Le budget de l'Afitf prévu pour 2019, de 2,684 milliards d'euros , est en augmentation de 10 %, soit 244 millions d'euros, par rapport à 2018.

D'après la direction générale des infrastructures, des transports et de la mer, ce budget est adapté pour couvrir les prévisions de dépenses de l'établissement, moyennant toutefois l'échelonnement ou le report éventuels d'une année de certains engagements.

Si cette augmentation du budget de l'Afitf est bienvenue, vos rapporteurs relèvent que ce montant reste en-deçà des préconisations du scénario 2 du Conseil d'orientation des infrastructures , considéré comme le meilleur compromis possible entre les contraintes budgétaires actuelles et la nécessité d'investir dans la régénération et la modernisation des réseaux existants, et reposant sur un budget annuel de 3 milliards d'euros par an pour l'Afitf 3 ( * ) .

Il convient également de souligner que l'agence ne bénéficie que du solde du produit des amendes radar.

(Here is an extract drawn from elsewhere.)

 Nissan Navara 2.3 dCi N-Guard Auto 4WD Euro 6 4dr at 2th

En conséquence, en cas de recettes inférieures aux montants prévisionnels, ce manque à gagner devra lui être compensé.

Comme l'année dernière et comme il s'y était engagé, le Gouvernement a fourni la partie « dépenses » du budget de l'Afitf pour 2019 à titre prévisionnel, qui devra être confirmé lors de l'adoption définitive du budget de l'agence en décembre :

Dépenses prévisionnelles de l'Afitf en 2019 (en milliards d'euros)

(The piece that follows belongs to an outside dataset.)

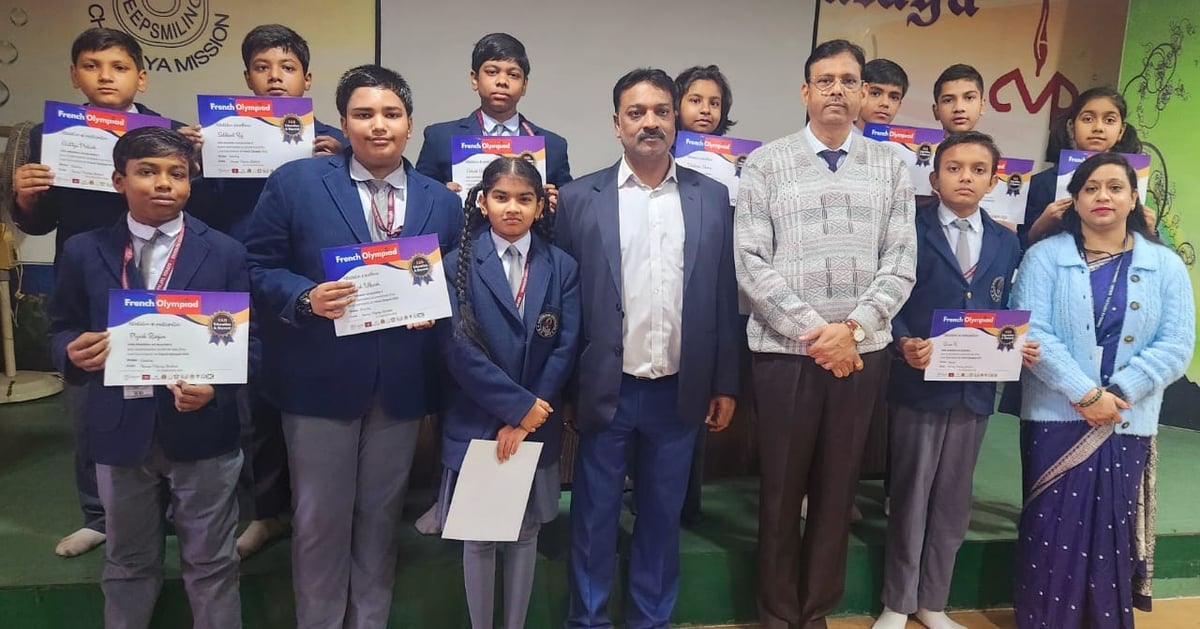 Jharkhand: 19 children of Chinmay Vidyalaya, Bokaro selected for national level in French Olympiad.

Routes - Modernisation du réseau existant

0,52

Routes - Infrastructures nouvelles

0,49

Réseau ferroviaire

0,72

Trains d'équilibre du territoire

0,38

Voies navigables

0,11

Ports

0,04

Transports urbains

0,38

Intermodalité / Fret

0,02

Autres

0,02

Total

2,68

Même si le budget proposé pour l'Afitf pour 2019 reste contraint, vos rapporteurs pour avis en charge des crédits consacrés aux transports terrestres, Jean-Pierre Corbisez et Gérard Cornu, considèrent qu'il peut être accepté, compte tenu de son augmentation et des efforts réalisés pour assainir la situation de l'agence, et dans l'attente d'un examen plus approfondi de sa trajectoire financière dans le cadre du projet de loi d'orientation des mobilités.

En ce qui concerne le volet « ressources » de ce projet de loi, et les 500 millions d'euros de recettes supplémentaires à trouver, votre rapporteur Gérard Cornu est favorable à la mise en place d'une vignette sur les poids lourds, tout en appelant à la conception d'un mécanisme permettant de rendre cette taxation supportable pour les poids lourds français.


* 1 Budget prévisionnel.

* 2 « Projet de loi de finances pour 2018 : Transports ferroviaires, collectifs et fluviaux », avis n° 113 (2017-2018) du 23 novembre 2017, Tome V, fait par Gérard Cornu, et « Projet de loi de finances pour 2018 : Transports routiers », avis n° 113 (2017-2018) du 23 novembre 2017, Tome VII, fait par Jean-Pierre Corbisez.

* 3 Sur vingt ans, l'enveloppe prévue pour la période 2018-2022 étant de 2,9 milliards d'euros par an.